Ferreira joined Portimonense S.C. in the second tier in August 2006. He said that he still had the quality to play in the top flight, but was unable to receive a contract due to being 33. He began 2008–09 at his hometown club Espinho, and signed for C.D. Santa Clara in January.

==Managerial career==
In August 2010, Ferreira was appointed at Boavista F.C. in the third tier. His debut on 22 September was a 2–2 home draw with Cesarense. After leaving in January 2011, he later managed A.D. Nogueirense and Espinho.

Ferreira was hired for the under-23 team of C.D. Feirense in January 2020. He started the following season in charge of FC Felgueiras 1932 but returned to Feirense on 29 March 2021 as first-team manager due to a contractual clause allowing him to leave at zero cost for a club in the professional leagues; he replaced Filó at the club from Santa Maria da Feira, who were second in the league.

On 4 April 2021, Ferreira debuted as manager in the second tier, in a 1–1 home draw with C.D. Cova da Piedade in which his team conceded in the final seconds. His team missed out on promotion by falling to 5th by the end of his eight games of the season. In 2021–22, he led the team to fourth place, one off the playoffs; halfway through it, he extended his contract to 2024.

Having helped Feirense to 8th place in the league by beating S.C.U. Torreense on the final day, Ferreira contacted the board and was released from the final year of his contract on 26 May 2023. A week later, he was hired by Torreense. He left on 11 December, with the club from Torres Vedras 6th in the league having won and drawn five each of 13 fixtures; they also reached the fourth round of the Taça de Portugal by defeating top-flight Rio Ave F.C. and made the second round of the Taça da Liga.

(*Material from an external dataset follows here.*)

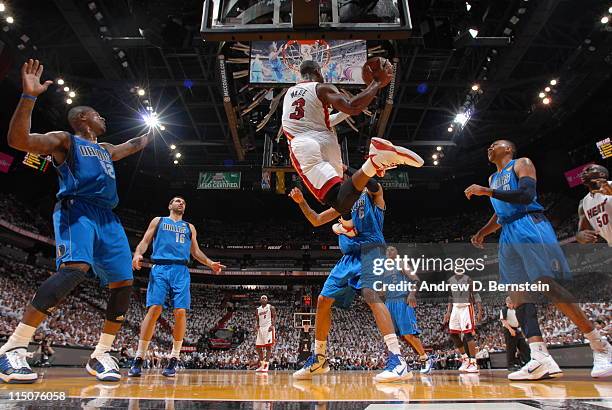 Dwyane Wade of the Miami Heat shoots against Tyson Chandler of the Dallas Mavericks during Game Two of the 2011 NBA Finals on June 2, 2011 at the...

On 23 May 2024, Ferreira signed a one-year deal at Académico de Viseu F.C. also in the second tier. He was the league's Manager of the Month for August, his first month in the job, winning three and drawing one game, while scoring 10 goals and conceding 3.

Ferreira signed with AVS, in the relegation battle in the Primeira Liga, on 16 February 2025 for his first time coaching in the top flight. He left by mutual consent on 9 May after winning once in 11 games, with José Mota succeeding him for the final two games of the season.

On 28 December 2025, Ferreira moved abroad for the first time in his career, taking charge of Cypriot First Division club Ethnikos Achnas. He left the following March and returned to Felgueiras, with the aim of keeping them in the second division.

Ferreira returned to Feirense in the same division on 15 September 2026.